Australian physicist

Michael A. O'Keefe (born 8 September 1942, in East Melbourne, Australia) is a physicist who has worked in materials science and electron microscopy. He is perhaps best known for his production of the seminal computer code for modeling of high-resolution transmission electron microscopy (HRTEM) images; his software was later made available as part of the DeepView package for remote electron microscopy and control. O'Keefe's tutorial on theory and application of high-resolution electron microscope image simulation is available online.

O'Keefe has established methods of quantifying resolution quality, and methods of deriving accurate atom positions from high-resolution images. He used these methods to help establish high-resolution electron microscopy as a precise science; in addition to its more-pedestrian role of pictorial confirmation of nano measurements, he demonstrated HRTEM's value in measurement of nano-properties. The video and associated slides illustrate the role of his work in providing tools for nano-characterization.

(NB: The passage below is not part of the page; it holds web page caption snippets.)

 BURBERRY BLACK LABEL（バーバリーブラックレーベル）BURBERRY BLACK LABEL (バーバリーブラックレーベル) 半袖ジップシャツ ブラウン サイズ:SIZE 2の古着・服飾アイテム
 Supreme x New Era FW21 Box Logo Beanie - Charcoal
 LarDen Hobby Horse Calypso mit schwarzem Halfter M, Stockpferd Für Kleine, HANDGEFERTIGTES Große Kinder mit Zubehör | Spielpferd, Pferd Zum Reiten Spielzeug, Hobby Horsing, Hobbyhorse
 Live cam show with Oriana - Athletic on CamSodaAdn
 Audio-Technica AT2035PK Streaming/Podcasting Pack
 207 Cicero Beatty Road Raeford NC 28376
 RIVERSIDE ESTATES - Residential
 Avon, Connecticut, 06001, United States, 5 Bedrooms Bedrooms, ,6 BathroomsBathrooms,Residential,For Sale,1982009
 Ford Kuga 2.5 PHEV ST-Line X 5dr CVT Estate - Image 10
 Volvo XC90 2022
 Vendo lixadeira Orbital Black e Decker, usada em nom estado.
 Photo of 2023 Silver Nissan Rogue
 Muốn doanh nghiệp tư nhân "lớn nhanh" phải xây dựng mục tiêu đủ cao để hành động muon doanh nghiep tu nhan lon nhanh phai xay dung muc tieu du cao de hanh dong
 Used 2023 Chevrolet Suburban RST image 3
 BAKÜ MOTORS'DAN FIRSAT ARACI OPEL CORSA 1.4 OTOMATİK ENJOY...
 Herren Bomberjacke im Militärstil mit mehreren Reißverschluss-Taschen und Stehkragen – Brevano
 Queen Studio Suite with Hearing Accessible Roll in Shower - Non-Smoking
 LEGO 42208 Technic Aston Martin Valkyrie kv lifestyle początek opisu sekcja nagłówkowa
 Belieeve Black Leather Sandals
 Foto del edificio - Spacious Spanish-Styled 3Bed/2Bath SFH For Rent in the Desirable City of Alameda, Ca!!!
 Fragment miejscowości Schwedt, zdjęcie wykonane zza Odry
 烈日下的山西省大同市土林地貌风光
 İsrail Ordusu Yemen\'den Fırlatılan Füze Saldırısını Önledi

O'Keefe designed and developed the one-Ångström microscope (OÅM) for the National Center for Electron Microscopy at Lawrence Berkeley National Laboratory based on an FEI Company CM300 microscope that he modified extensively to improve coherence and correct three-fold astigmatism. He was successful in breaking the "one-Ångström barrier" to resolution using his combination of hardware and software correction of microscope aberrations. He produced the first HRTEM images to show carbon atoms separated by less than one Ångström in diamond (0.89 Å) and silicon atoms in crystalline silicon (0.78 Å)—an example of his silicon work appears on a webpage at the Department of Energy. His OÅM was the first HRTEM able to image the smallest metal atoms (lithium) in lithium battery materials. Building on his work designing and operating his one-Ångström microscope (OÅM), O'Keefe produced the design for the LBNL TEAM (transmission electron aspheric microscope) able to resolve atoms in the deep sub-Ångström resolution region (less than 0.5 Å) using a hardware electron-wave phase-corrector (Cs corrector) in combination with a coherence-enhancing electron-beam monochromator.

O'Keefe was elected president of the Microscopy Society of America in 2007.